Comparison between the analytical and numerical absorptivity at the specular angle of the MA array of Fig. 1 for incident angles θ ranging from 0° to 90° in (a) \(\varphi = 0\) and (b) \(\varphi = 90\) planes. The corresponding parameters of the designed MA are p_x = p_y = 0.5λ, l = 0.48λ, w = 0.02λ, h₁ = 0.25λ, and R_L = 50 Ω, where λ denotes the operating wavelength corresponding to f = 2 THz.

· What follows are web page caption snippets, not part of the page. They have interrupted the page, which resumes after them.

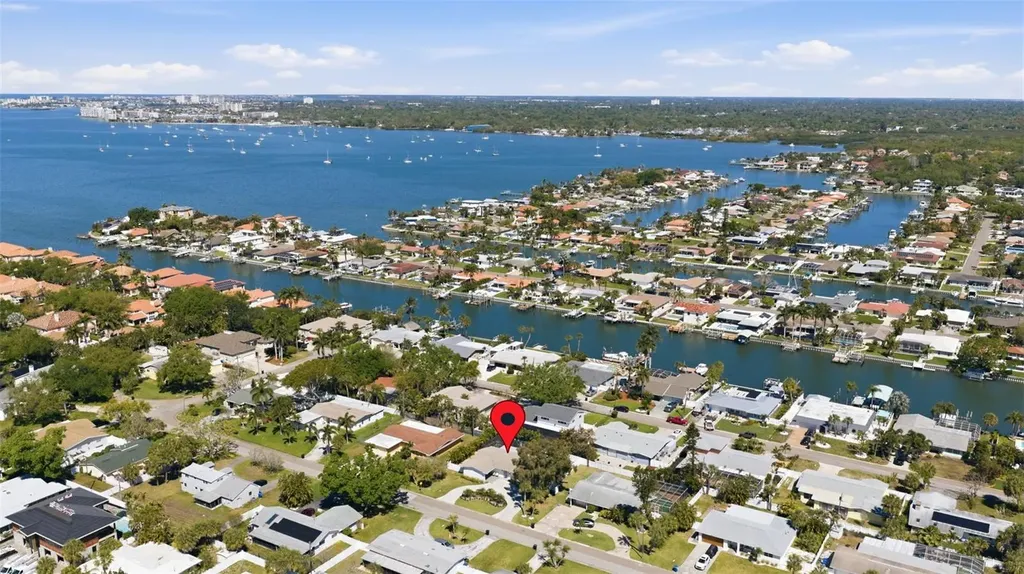 4339 50th Avenue S St Petersburg FL 33711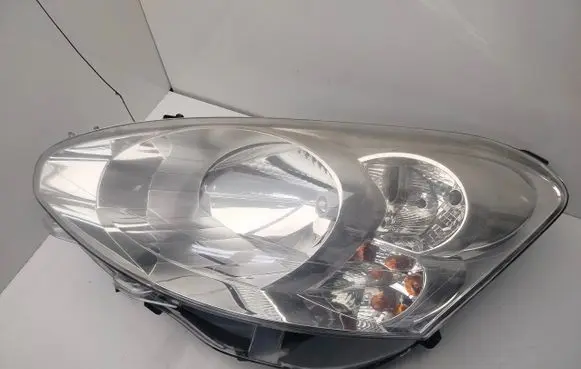 Peugeot Partner Headlight/headlamp 44R18RL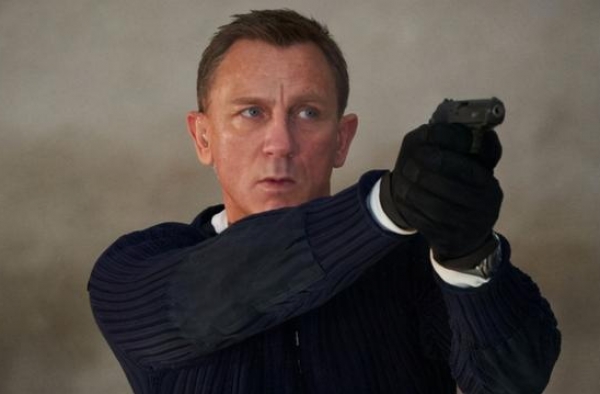 007再次推迟上映后，世界第二大电影集团宣布暂闭其英美影院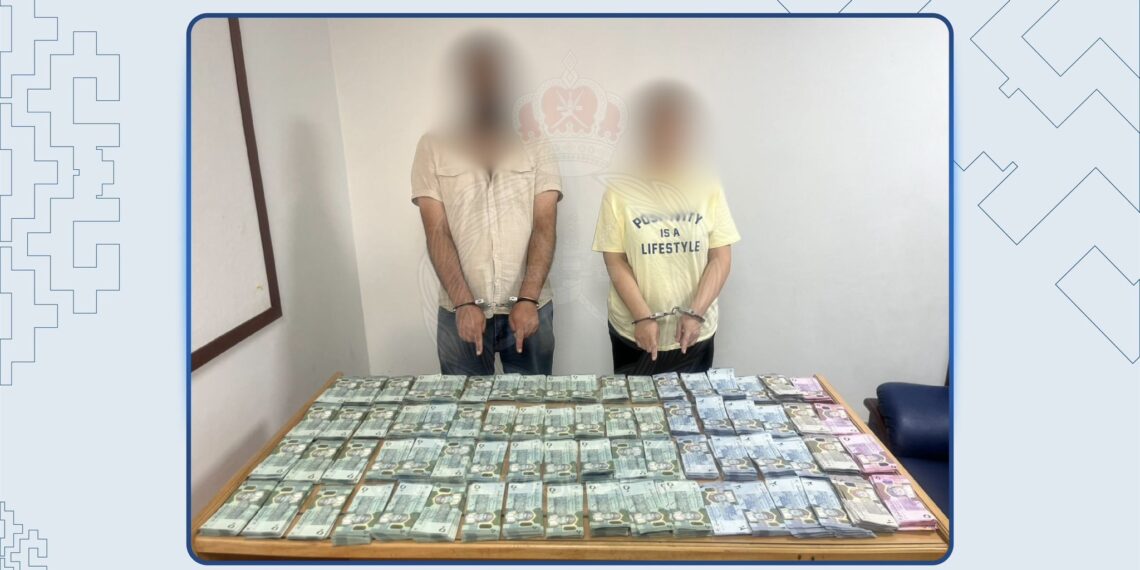 القبض على آسيويين سرقا مبالغ مالية كبيرة في بوشر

The near-field interactions between MA array and uniaxial superstrate layer

For optimal MA performance upon illumination by oblique incidences, it is highly desirable to counteract the strong angular dependency of the input impedance of the dipole MA with an auxiliary anisotropic layer located at a certain distance, h₂, above the array (see Fig. 3a). Assuming an anisotropic superstrate layer characterized by diagonal (uniaxial) magnetic and dielectric tensors⁵⁶

$$\overline{\overline{\varepsilon }}_{2} = \left[ {\begin{array}{*{20}c} {\varepsilon_{2x} } & 0 & 0 \\ 0 & {\varepsilon_{2y} } & 0 \\ 0 & 0 & {\varepsilon_{2z} } \\ \end{array} } \right]$$

(9)

$$\overline{\overline{\mu }}_{2} = \left[ {\begin{array}{*{20}c} {\mu_{2x} } & 0 & 0 \\ 0 & {\mu_{2y} } & 0 \\ 0 & 0 & {\mu_{2z} } \\ \end{array} } \right]$$

(10)

Figure 3

(a) The cross-sectional schematic of the unit cell of the proposed SLMA and the equivalent circuit model, including a certain number of cascaded lines. The near-filed interactions between the MA and the superstrate layer can be theoretically represented by (b) uncoupled transmission line networks illustrating the series summation of individual Floquet impedances.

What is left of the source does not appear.